昭和四二年三月二五日当時、被告会社において、その主張の如き事情からその主張の基準により人員整理が避け得ないところであつたか否かの点についての判断はしばらくおき、原告が左足小児麻痺後遺症の為現場作業者として能力が劣り又将来発展の見込みがなかつたか否かについて検討するに、原告の左足に小児麻痺後遺症があること、被告会社が原告から従業員採用試験に先立ち提出された健康診断書によりこれを知つたこと、昭和四二年一月一九日原告に対して行われた面接試験に総務部長が立会つたこと、同月二五日被告会社が原告に対して健康診断を行つたことおよび原告が同年三月一三日から二五日までの同被告会社で作業したことについては当事者間に争がなく、〈証拠〉によれば、原告は生後六ヶ月の時に小児麻痺を患いその為左足に後遺症があるが、マラソンや短距離徒競走の際健康体の者に劣るだけで、歩行その他日常生活を営むに支障はなく、足立工高在学中の体育科の成績は全学年を通じて評価「4」であり又剣道部に所属して初段の免許を取得したほか、バレーボール・卓球を得意とし、第一種原動機付自転車の免許も有していること、一方被告会社は従業員採用試験に先立ち原告から提出された健康診断書により原告の左足小児麻痺後遺症があることを知り、その後同年一月一九日従業員採用試験に際しての面接では川田・立川・木下各専務および平沢総務部長等が列席して原告の身体も見分したが、虚弱そうでもないと判断し、川田は原告に対し「剣道をやつているそうだが、剣道は飛んだり跳ねたりするのだから大丈夫だろう」等と述べたこと、そして前記同月二五日の健康診断の際にも原告に関する作業上の支障の有無について格別の検討はなされていないこと、原告が同年三月一三日から二五日までの間被告会社で作業した折、主として組立職場一班で電気部品の組立・社名板の取付の作業に従事したが、原告の作業能力が他の者に劣ることはなかつたこと、被告会社では原告を組立職場に配属する予定であつたが同職場の作業は腰掛けてするものであり又被告会社の各職場の中では比較的軽作業に属すること、他の職場も機械職場は旋盤等を作業内容とするが、検査職場等とともに比較的軽作業であることが認められ〈証拠判断省略〉

以上の事実によれば、原告についてさしあたり配属が予定されていた組立職場の作業に関しては、小児麻痺後遺症の為作業能力が劣り又は将来発展の見込がないものとはとうてい認め難く、又被告会社の他の職場に関しても、その各作業内容を原告の前記身体の状況に照して検討すると、未だ現場作業者として不適格とはなし得ないものと認めるを相当とする。そうとすれば、仮りに被告会社が昭和四二年三月二五日当時その主張の如き事情から、その主張のような基準による人員整理をしなければならないような状況にあつたとしても、原告が右整理基準に該当するものとは即断しがたく、他に原告が右整理基準に該当するものであつたことを認めるに足る証拠はない。したがつて、被告会社がなした前記解雇の意思表示は、爾余の点につき判断するまでもなく、解雇事由なくしてなされたものであつて解雇権の濫用として無効といわねばならない。
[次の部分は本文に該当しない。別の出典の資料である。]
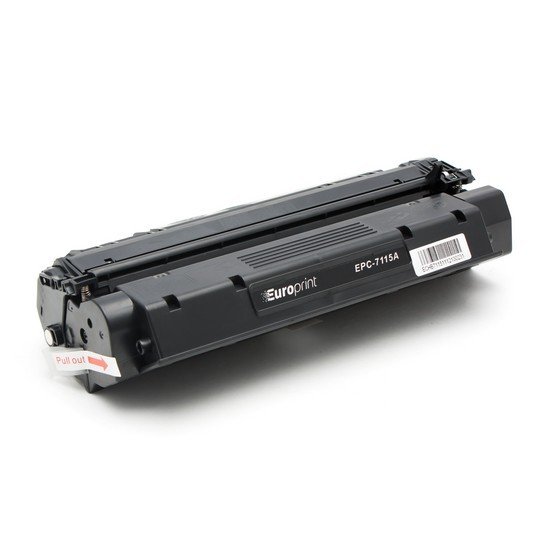 Картридж Europrint EPC-C7115A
三、しからば原被告間の労働契約は今なお存続し、原告は被告会社に対し労働契約上の権利を有するものというべきところ、被告会社が昭和四二年四月一日以降原告を従業員として取り扱わず原告の就労を拒否していることは、被告会社の認めて争わないところであるから、これに基づく就労不能は被告会社の責に帰すべき事由に基づくものというべきであるから原告は被告会社に対し昭和四二年四月一日以降の賃金債権を有するといわなければならない。しかして同日以降の原告の賃金月額が一七、五〇〇円(但し同月分の賃金は一一、三三三円)で、前月二一日から当月二〇日までの分を一ヶ月の賃金として当月二八日に支払われる約定であることは当事者間に争がない。右昭和四二年四月一日以降本件口頭弁論終結時であること記録上明らかな昭和四五年九月九日までに弁済の到来した前記賃金月額一七、五〇〇円(但し昭和四二年四月分は一一、三三三円)の割合による賃金合計(昭和四二年四月分ないし昭和四五年八月分)が七一一、三三三円であることは計算上明らかであり、本件口頭弁論終結後に弁済期の到来すべき昭和四五年九月分以降本判決確定に至るまでの賃金についても被告会社が現に原告の就労を拒否している以上予め請求をする必要があるものと認められる。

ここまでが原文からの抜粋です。